The record contains abundant evidence tending to show that the hole into which the boy fell had existed for several years, and that it was unprotected. It is, we think, clear that no responsible officer of the defendant company had actual knowledge of the dangerous opening. The superintendent of the defendant company, however, testified that he had known of the existence of the trench leading from the hole down the slope for. some 11 or 12 years. He further testified that he learned of the shaft the morning after the accident, and that he then saw a piece of timber which looked as if it had been recently broken; his inference being that this timber had constituted a portion of a covering for the shaft, and that it had rotted away and fallen into the shaft. After a careful consideration of all the testimony offered on behalf of the plaintiff, we find ourselves unable to agree with the conclusion of the learned circuit judge, who held that:

‘ ‘ In my judgment there has been an entire failure on the part of the plaintiff to establish any negligence in this defendant company, which was the proximate cause of the death of the child.”

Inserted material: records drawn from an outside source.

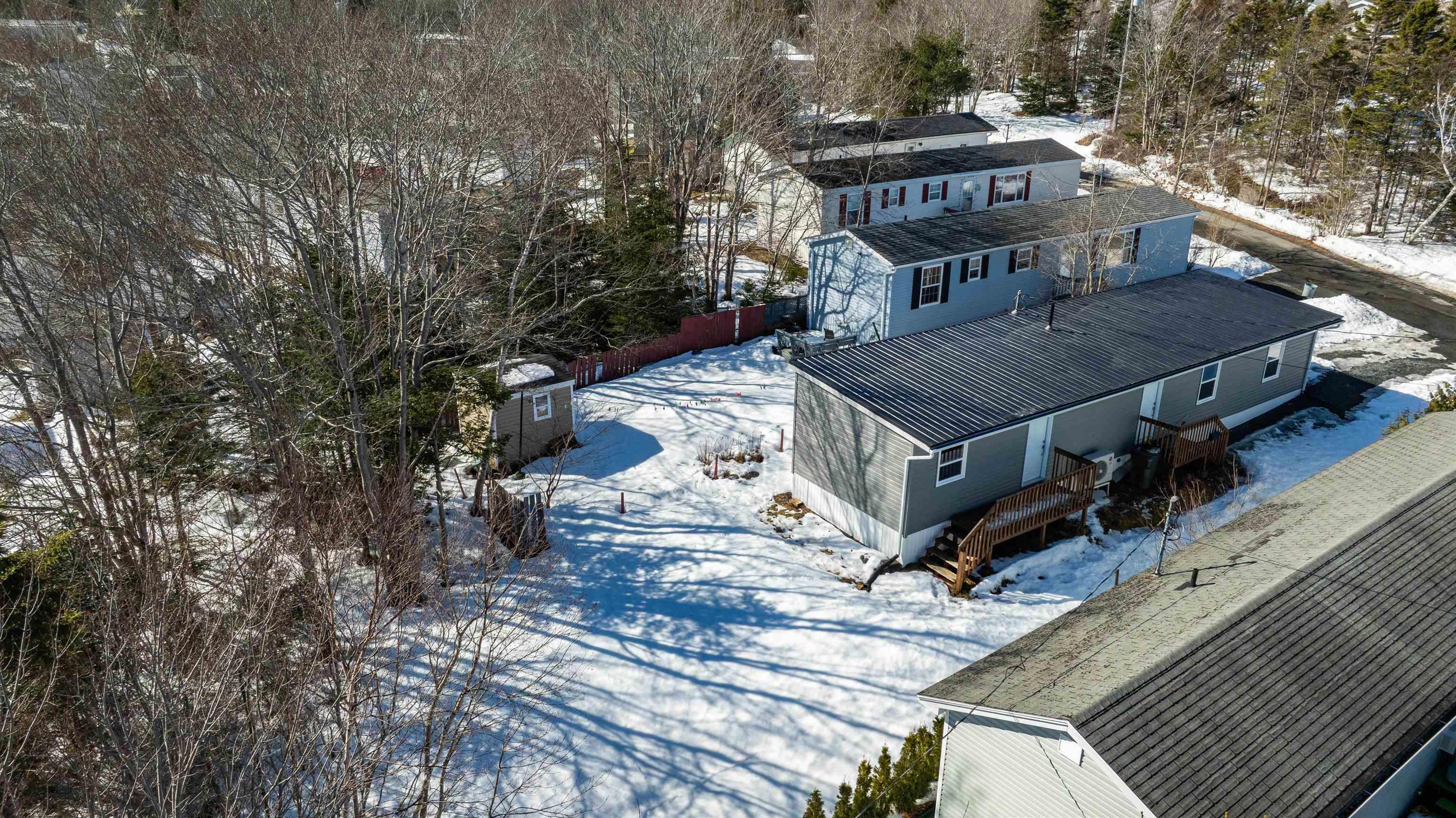 View image 12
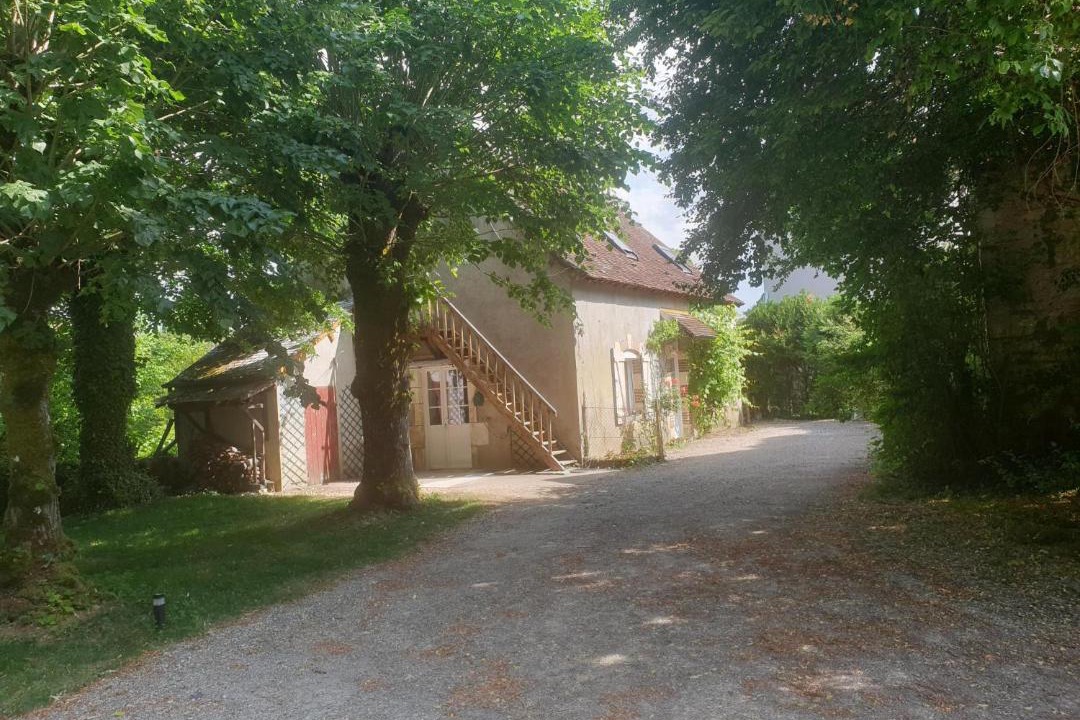 Photo of Others in Farges-en-Septaine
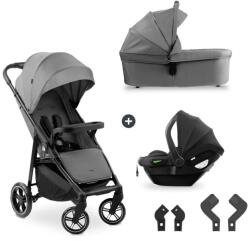 Hauck Shop N Care Trio Set Babakocsi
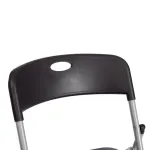 Стул складной FOLDER TetChair 20099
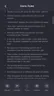 Rules / How to play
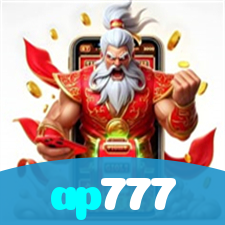 ap777:Entre na ação! Aposte nas melhores mesas de roleta!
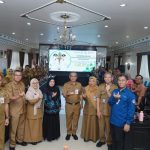 FGD Penelitian PUD Digelar, Barito Kuala Fokus Kembangkan Kewirausahaan dan Agroindustri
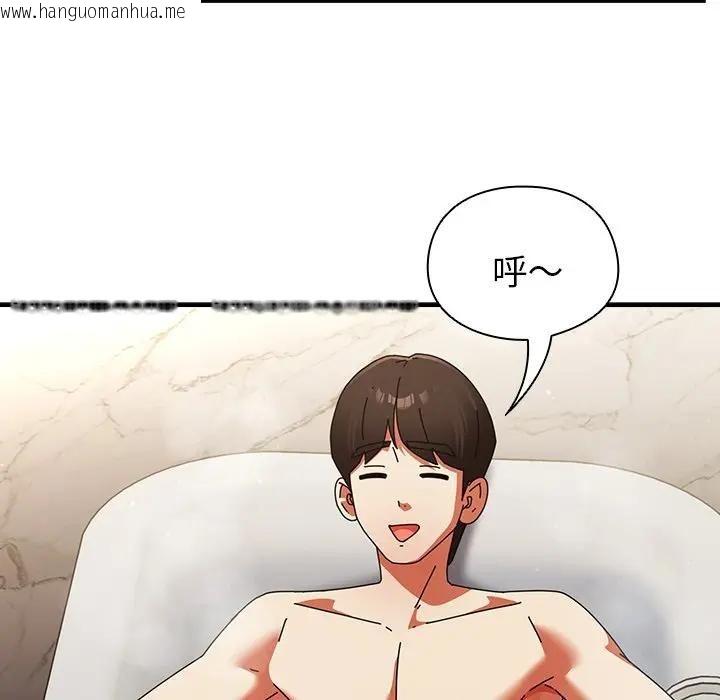 韩国漫画硬也要拍完韩漫_硬也要拍完-第35话在线免费阅读-韩国漫画-第135张图片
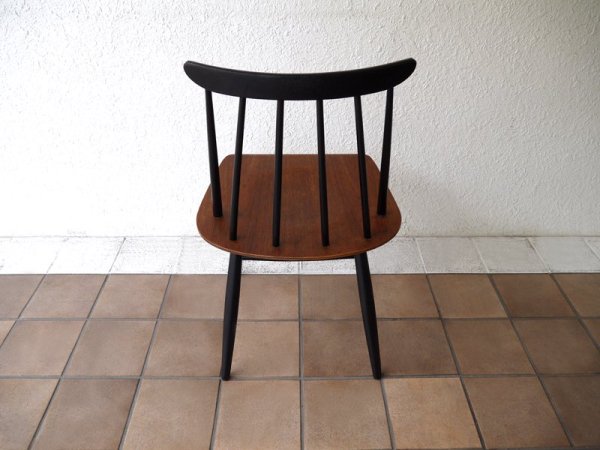  ASKO 50-60s ӥơ եͥåȥ Fanett Chair ޥ ԥ Ilmari Tapiovaara ե 󥶡 ̾ 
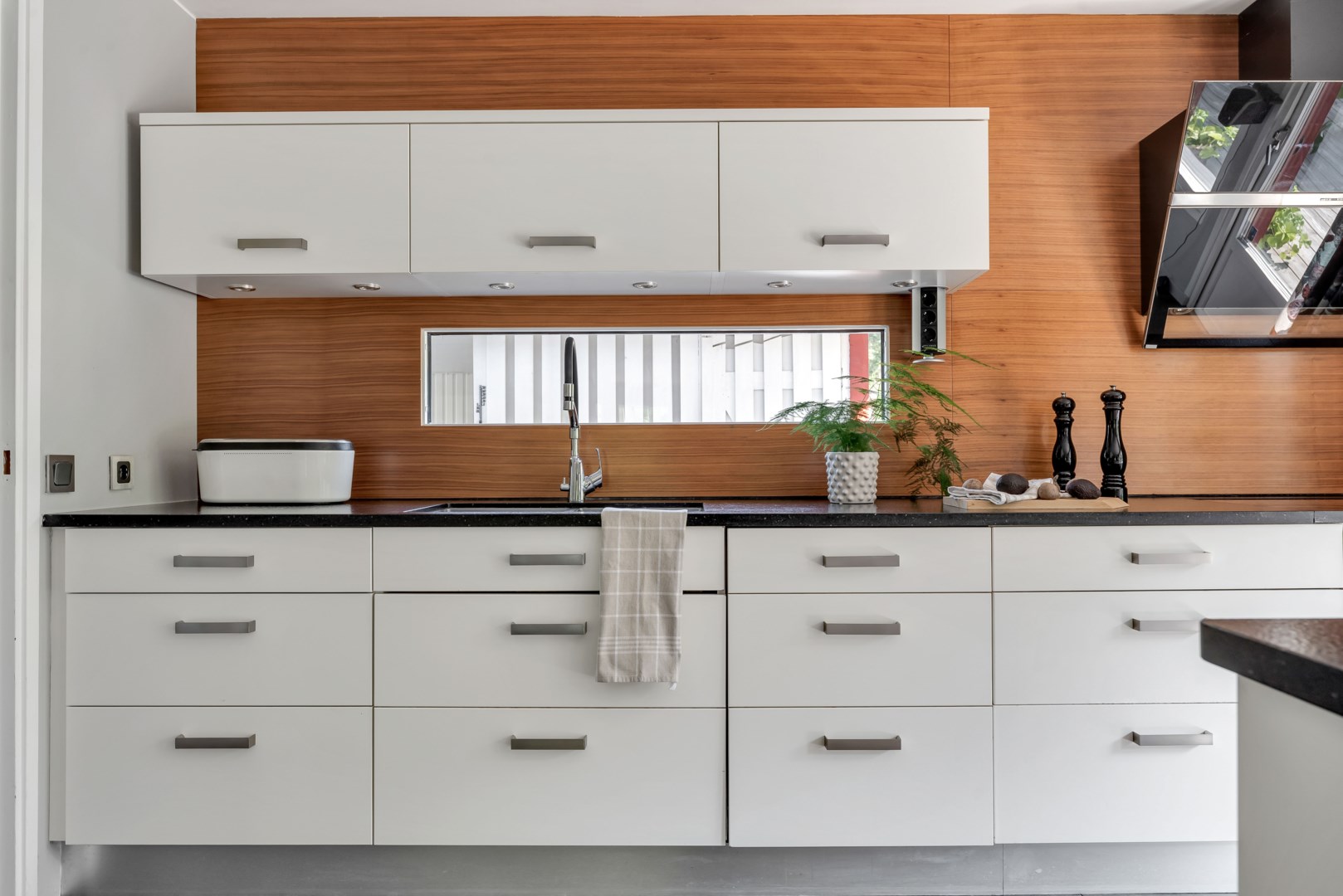 Bostadsbild från Hartrajet 20, Såld i Bergsbrunna, Uppsala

We think the question of the defendant’s negligence should have been submitted to the jury. If the shaft had been permitted by the defendant to remain open and unguarded for a number of years, even without actual knowledge on its part, that fact would certainly afford some evidence that the defendant had not exercised reasonable care in the premises, and particularly would this be true if the existence of the dangerous opening was known to those living in the vicinity.

It is urged by the defendant in this court (though the point was not made below) that in any event the verdict was properly directed because the boy was, at the time he met his death, a trespasser, or at best a mere licensee, to whom the defendant owed no duty. Though not properly *303before us for determination upon this record, as the case must be tried again, we deem it proper to discuss this phase of the question. The boy’s father was a lessee, or, at any rate, an occupant by permission, of one of defendant’s houses in the vicinity of the opening. No fences of any kind marked the boundaries of that portion of defendant’s land which plaintiff and her family might traverse. The entire vicinity was an open common used by the employés of defendant (among whom was the father of deceased) as a pasture for their cows. It was commonly traversed by the boys in their search for wood, and this fact was known to the defendant’s superintendent, and no serious objection seems to have been interposed. We are of opinion that such a license as was possessed by the father imposed upon the defendant the duty to warn him, and those members of his family coming upon the premises with him at its invitation, of such existing dangers as were known to it, or which should have been discovered by it in the exercise of reasonable care. See Powers v. Harlow, 53 Mich. 507 (19 N. W. 257, 51 Am. Rep. 154), and cases there cited.

The judgment is reversed, and a new trial ordered.

Moore, C. J., and Steers, MoAlvay, Blair, Stone, and Ostrander, JJ., concurred. Bird, J., did not sit.